> [YOUR GOAL]:
Please return only the lines from the one holding "ダブルユーブイプロジェクト(WV PROJECT) Forest" through the one holding "2019 FIAT 500X Trekking", exactly as they appear in the records below, both ends included.

> [RECORDS FOR THIS EXERCISE]:
────────────────
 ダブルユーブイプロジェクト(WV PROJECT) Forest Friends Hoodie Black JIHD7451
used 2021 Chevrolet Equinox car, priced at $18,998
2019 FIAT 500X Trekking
────────────────
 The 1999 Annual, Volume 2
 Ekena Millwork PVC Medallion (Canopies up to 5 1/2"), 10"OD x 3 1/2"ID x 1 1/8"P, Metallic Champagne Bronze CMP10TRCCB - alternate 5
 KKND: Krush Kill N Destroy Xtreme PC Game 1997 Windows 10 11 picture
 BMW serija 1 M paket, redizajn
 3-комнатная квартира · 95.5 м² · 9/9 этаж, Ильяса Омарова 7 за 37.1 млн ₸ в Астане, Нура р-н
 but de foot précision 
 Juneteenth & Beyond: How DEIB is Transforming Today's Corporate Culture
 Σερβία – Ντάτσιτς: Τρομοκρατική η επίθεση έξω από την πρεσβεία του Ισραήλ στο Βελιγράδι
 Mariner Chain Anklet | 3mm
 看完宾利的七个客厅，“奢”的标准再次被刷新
────────────────
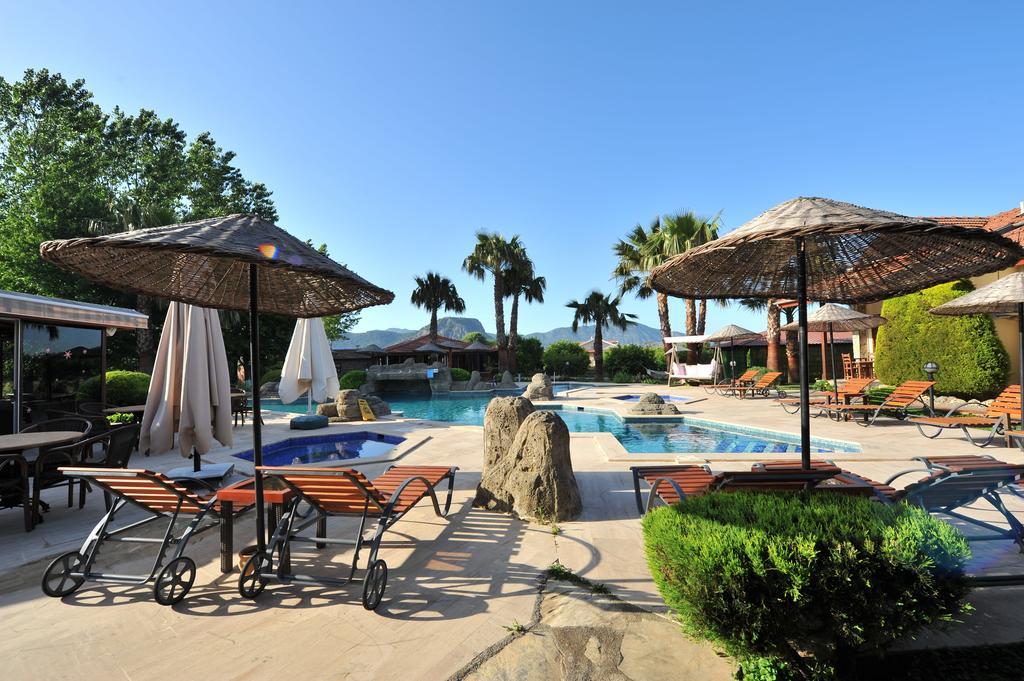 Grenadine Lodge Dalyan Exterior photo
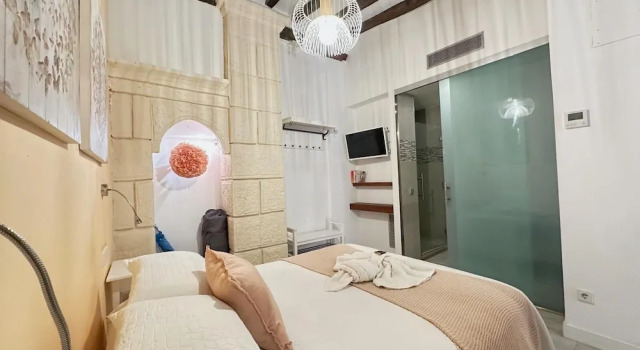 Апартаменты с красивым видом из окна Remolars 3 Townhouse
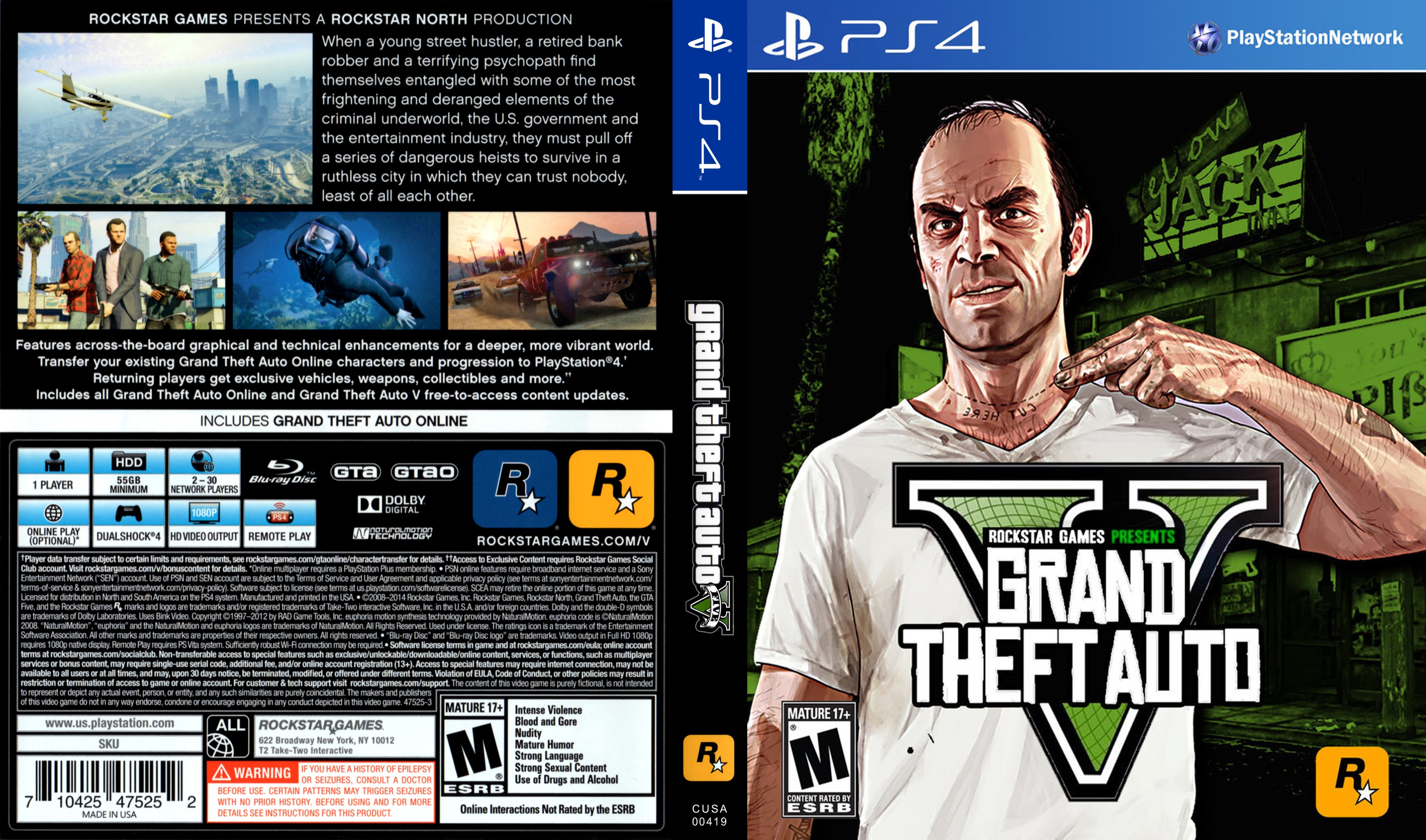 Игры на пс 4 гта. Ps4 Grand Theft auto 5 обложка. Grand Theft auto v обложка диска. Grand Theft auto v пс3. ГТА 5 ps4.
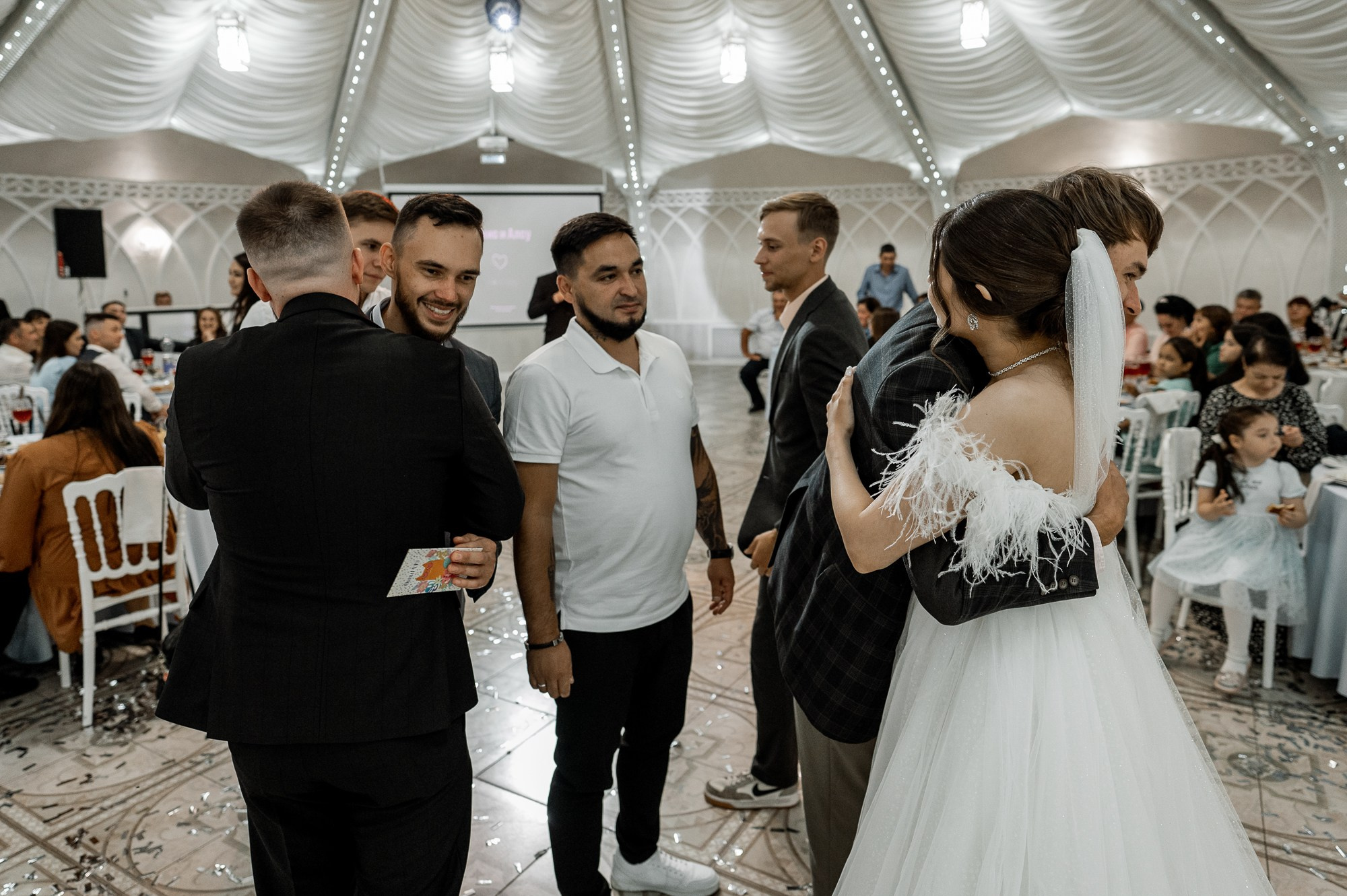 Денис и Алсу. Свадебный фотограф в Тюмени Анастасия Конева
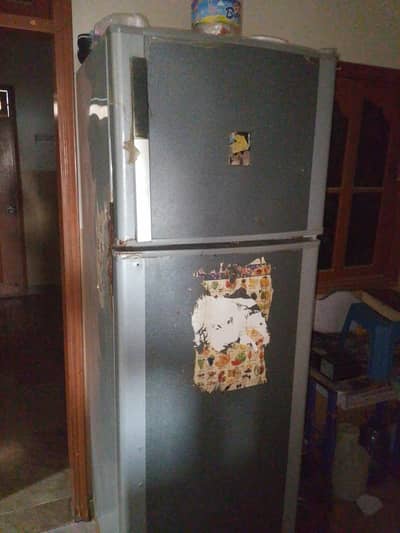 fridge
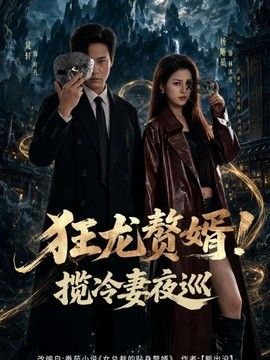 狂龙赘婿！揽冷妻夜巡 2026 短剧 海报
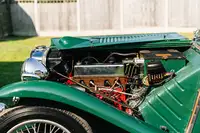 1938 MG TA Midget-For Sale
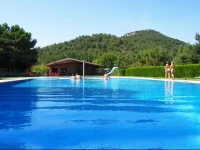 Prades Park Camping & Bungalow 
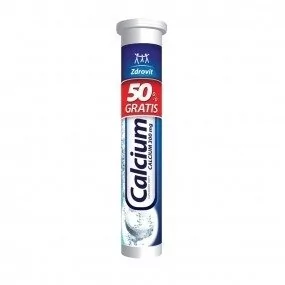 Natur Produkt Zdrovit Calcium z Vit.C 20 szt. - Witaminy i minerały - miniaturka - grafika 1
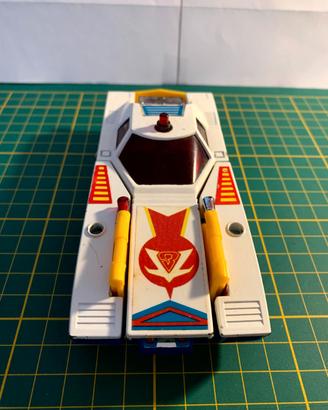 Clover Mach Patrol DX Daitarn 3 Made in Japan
────────────────
> [TASK RESULT]:
 ダブルユーブイプロジェクト(WV PROJECT) Forest Friends Hoodie Black JIHD7451
used 2021 Chevrolet Equinox car, priced at $18,998
2019 FIAT 500X Trekking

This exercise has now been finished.